The present invention pertains to a one-piece, refractory ceramic composite body consisting of at least two layers located next to one another as well as to a process for manufacturing same.
Such a composite body has been known from DE 41 08 153 A1. It is called a "refractory molding" there and it has at least two nonmetallic shells that envelope one another at least partially.
Moldings and composite bodies of this type are used, e.g., as wearing parts in the spouts of metallurgical vessels (so-called nozzles, pouring spouts and channels, submerged pipes, but also as sliding plates or the like).
The prior-art refractory molding comprises essentially an inner shell and an outer shell, which are prefabricated in a tubular shape. While the outer shell is said to consist essentially of carbon-bound aluminum oxide according to one embodiment, zirconium dioxide is selected as the material for the inner shell.
The material for the outer shell was selected from the viewpoint that the outer shell shall be able to be heated inductively in an electromagnetic field. It is achieved as a result that the inner shell can be preheated slowly and uniformly to a value close to its operating temperature. The risk of cracking is avoided as a result. Due to the inductive heating of the inner shell, it assumes the conduction of heat to the outer shell.
To prepare the prior-art refractory molding, it is necessary to prefabricate the inner shell and the outer shell separately and to subsequently prepare a composite body.
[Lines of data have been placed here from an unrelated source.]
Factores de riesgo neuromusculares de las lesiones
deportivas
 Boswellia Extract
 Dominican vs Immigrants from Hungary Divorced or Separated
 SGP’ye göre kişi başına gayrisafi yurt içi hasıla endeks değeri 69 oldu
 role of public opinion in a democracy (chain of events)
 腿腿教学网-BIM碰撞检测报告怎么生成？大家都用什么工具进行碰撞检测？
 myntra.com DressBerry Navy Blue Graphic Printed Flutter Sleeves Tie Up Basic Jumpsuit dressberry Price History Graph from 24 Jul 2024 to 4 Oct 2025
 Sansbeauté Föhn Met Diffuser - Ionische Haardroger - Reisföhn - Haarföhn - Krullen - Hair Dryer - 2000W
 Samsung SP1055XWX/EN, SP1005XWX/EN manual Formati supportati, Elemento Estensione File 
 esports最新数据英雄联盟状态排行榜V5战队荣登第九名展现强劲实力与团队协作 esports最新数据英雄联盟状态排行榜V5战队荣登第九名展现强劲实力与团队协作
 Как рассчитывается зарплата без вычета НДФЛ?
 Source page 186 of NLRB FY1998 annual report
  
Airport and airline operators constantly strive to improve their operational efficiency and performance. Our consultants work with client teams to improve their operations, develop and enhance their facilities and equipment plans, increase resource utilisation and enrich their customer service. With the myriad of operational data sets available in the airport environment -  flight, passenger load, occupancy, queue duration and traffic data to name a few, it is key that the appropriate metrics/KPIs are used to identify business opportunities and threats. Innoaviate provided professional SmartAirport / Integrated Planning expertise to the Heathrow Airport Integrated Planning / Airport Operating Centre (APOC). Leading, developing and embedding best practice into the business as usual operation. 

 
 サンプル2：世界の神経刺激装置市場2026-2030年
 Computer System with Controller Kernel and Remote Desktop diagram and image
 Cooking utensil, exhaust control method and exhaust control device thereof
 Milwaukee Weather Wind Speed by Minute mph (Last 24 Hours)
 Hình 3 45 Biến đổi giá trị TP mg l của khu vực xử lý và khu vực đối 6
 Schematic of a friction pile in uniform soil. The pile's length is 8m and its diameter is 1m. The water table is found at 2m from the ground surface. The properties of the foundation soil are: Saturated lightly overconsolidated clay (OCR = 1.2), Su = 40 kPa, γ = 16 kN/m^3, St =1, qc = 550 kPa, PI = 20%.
This is difficult, among other things, even because of the small wall thicknesses of the moldings.
A refractory casting sleeve for a metallurgical vessel, which consists of, e.g., zirconium carbide and has an inner carbon coating, has been known from FR-PS 1 525 154. The casting sleeve is surrounded by an induction coil, by means of which the casting sleeve is heated.
According to the suggestion made in EP 0 379 647 B1, the induction coil is part of the inner wall of a multilayer, refractory ceramic tubular body.
A process for the inductive heating of a molding made of ceramic material, which does not couple inductively at room temperature, but can be coupled to the field of the inductor at increased temperature, is described in DE 43 01 330 A1. The tubular molding consists of zirconium dioxide, which is practically electrically nonconductive at ambient temperature but which develops electric conductivity at increased temperatures, beginning at, e.g., 800.degree. C. The molding is provided on the inside with a coating that is electrically conductive even at room temperature.
The refractory nozzle according to DE 44 28 297 A1 consists of a wear-resistant core consisting of zirconium dioxide, which is provided with a pouring opening, and a jacket surrounding same, consisting of a carbon-bound ceramic material, which can be heated inductively beginning from room temperature. The jacket is shaped around the prefabricated core and is compacted.
The inductive heating of the said refractory ceramic wearing parts represents a considerable technological progress over conventional methods of preheating (e.g., by direct exposure to burner flames), because a uniform, "soft" heating of the component is achieved, so that chipping off or cracking due to different heat zones in the component can be practically ruled out. As a result, the essential safety of such parts is substantially increased, for example in the spout area of a metallurgical melting vessel.